═══ ENTRIES PROVIDED
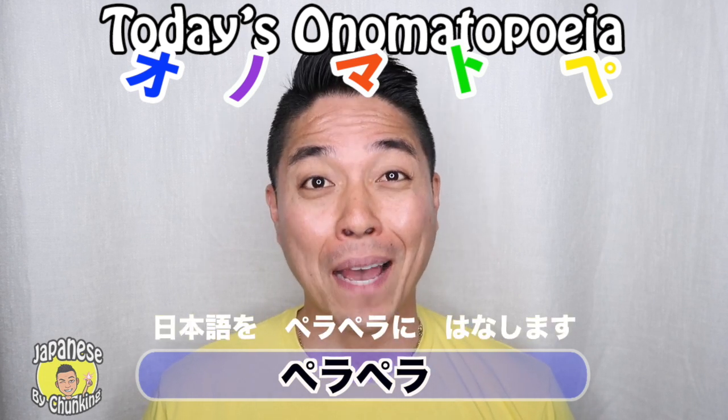Nihongo wo pera pera ni hanashimasu. I hope you enjoyed this video — make sure to give me a thumbs up, and if you like videos like this, make sure to subscribe to my channel. I will see you in the next video. Mata ne!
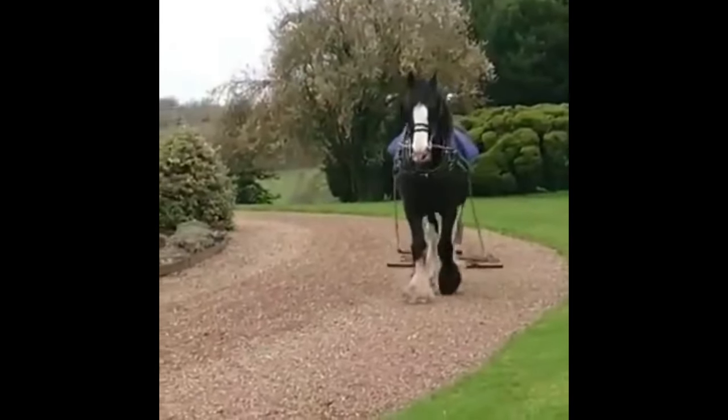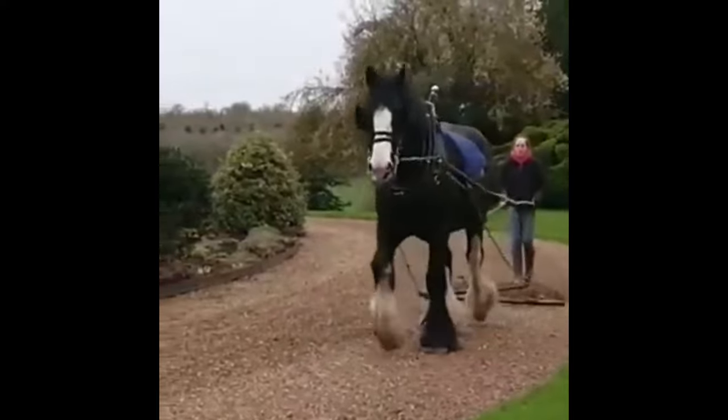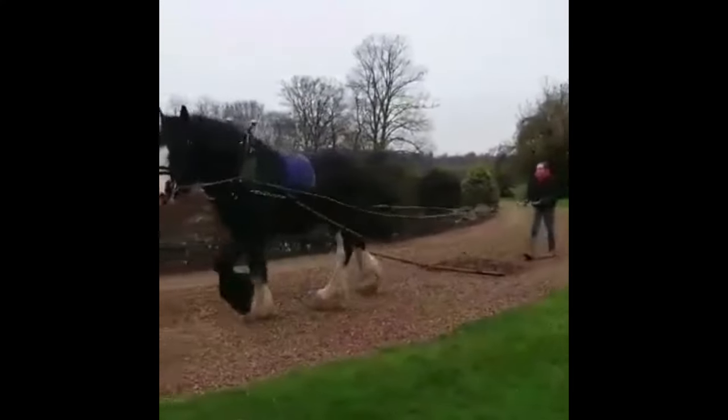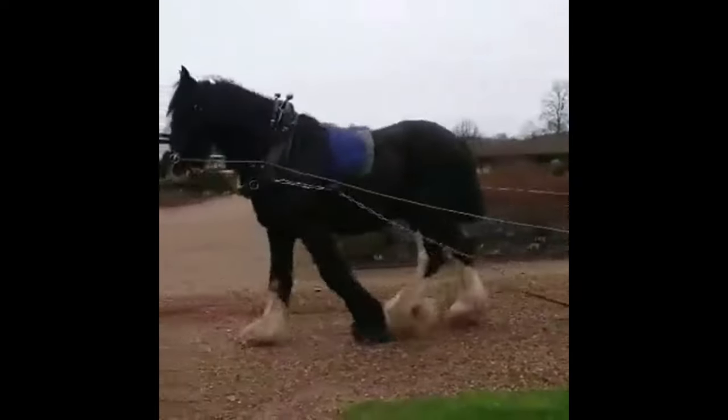Shire Horses are known for their impressive size, with some individuals standing over 18 hands tall. They are also known for their feathering, which is the long hair on their lower legs.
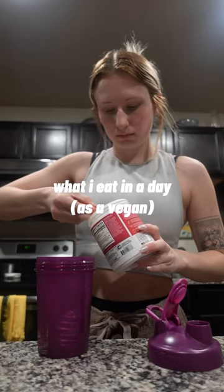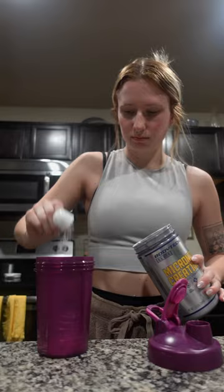This is what I eat in a day as a vegan. I started off my morning with three scoops of pre-workout because I needed that energy — it was super early — and then I had a macro bar so I could fuel up before the gym.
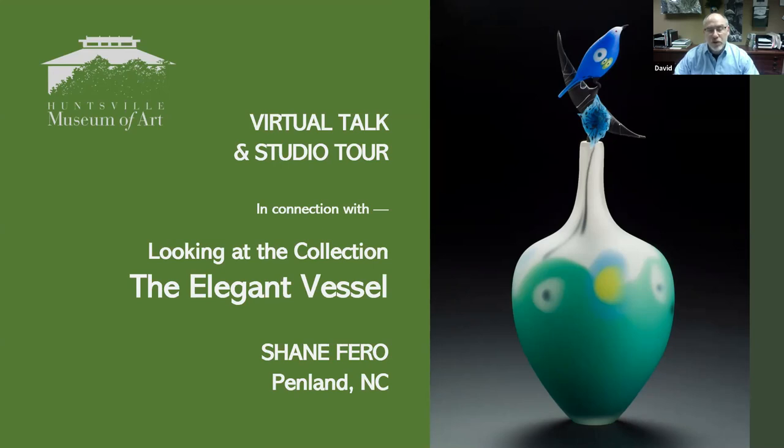He has had over 33 solo exhibitions since 1992 and has participated in over 400 group exhibitions during his career. He has been honored with three major retrospectives: first at the Berkowitz Gallery at the University of Michigan in 1999, at the Huntsville Museum of Art in 2008, and most recently at Christian Brothers University in 2010. His work can be found in over 30 museum collections including the Glass Museum in Denmark, the Museum for Glass Kunst in Germany, the Niijima Contemporary Glass Museum in Japan, the Museum of American Glass, and the Huntsville Museum of Art.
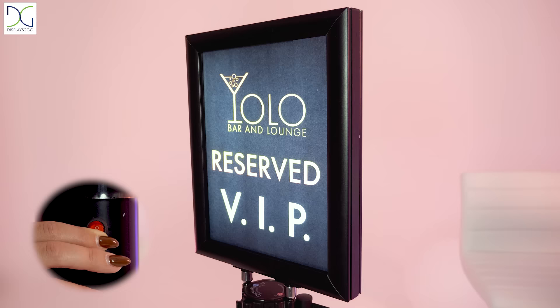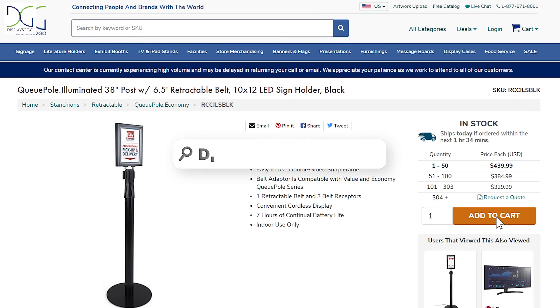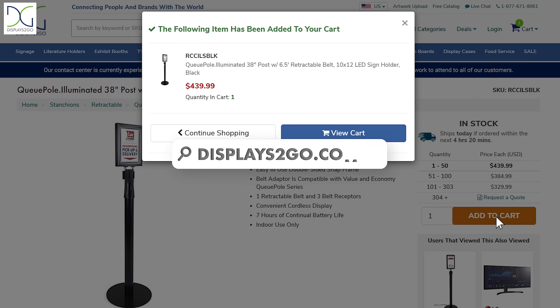An LED lit display illuminates the sign on top of the stanchion for visibility day and night. Head on over to DisplaysToGo.com to grab your LED stanchions to display custom messaging for any event.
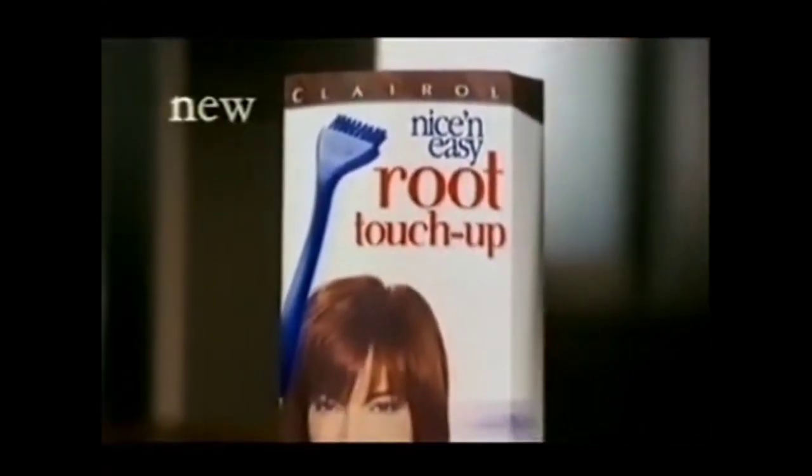Hiding your roots again? Now you don't have to. Introducing new root touch-up, an exclusive from Nice and Easy. Use the brush to touch up roots and grays in just 10 easy minutes, in between colorings. Nice and Easy's color blending formula also beautifully blends with other leading brands to give you and your roots a boost.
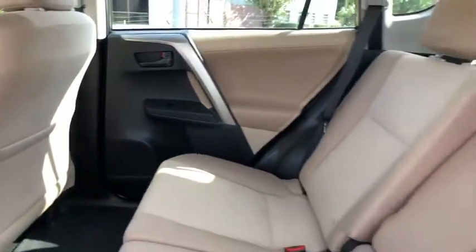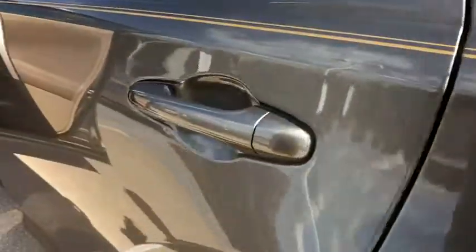This vehicle is CARFAX certified, one owner, and qualifies for CARFAX buyback guarantee. This vehicle offers reliability and good looks at a great price. So come in and take a test drive today.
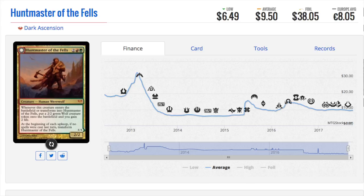Huntmaster of the Fells — I had not realized he was nine fifty, and his foil is thirty-eight dollars, which is a lot, so he has a very healthy multiplier. I haven't seen him being played anywhere recently. In Standard at one time he was one of the most dominant cards, and a forty dollar foil suggests people are making tribal decks. I don't imagine he's being used in Modern because there are so many better four-drop options in those colors. It's a fantastic card — when I think of how fun Innistrad, Dark Ascension, and Avacyn Restored was, that was a ton of fun.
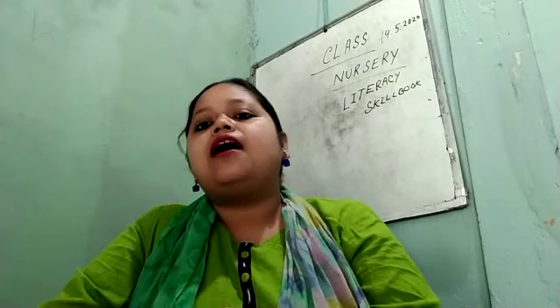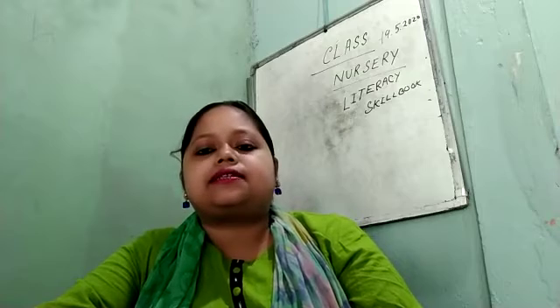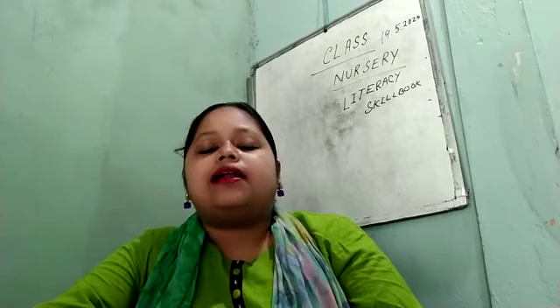Hello everyone, welcome back to our channel Monika English Academy. Please like, share, subscribe, and press the bell icon. I am Santana Bara, I am the class teacher of nursery. We have now the subject name is Literacy Skill Book, page number 27.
══════
Only an exact copy belongs in the answer: the lines from the one containing "Huntmaster of the" through the end of the records, both ends included, minus the pictures.

Huntmaster of the Fells — I had not realized he was nine fifty, and his foil is thirty-eight dollars, which is a lot, so he has a very healthy multiplier. I haven't seen him being played anywhere recently. In Standard at one time he was one of the most dominant cards, and a forty dollar foil suggests people are making tribal decks. I don't imagine he's being used in Modern because there are so many better four-drop options in those colors. It's a fantastic card — when I think of how fun Innistrad, Dark Ascension, and Avacyn Restored was, that was a ton of fun.
Hello everyone, welcome back to our channel Monika English Academy. Please like, share, subscribe, and press the bell icon. I am Santana Bara, I am the class teacher of nursery. We have now the subject name is Literacy Skill Book, page number 27.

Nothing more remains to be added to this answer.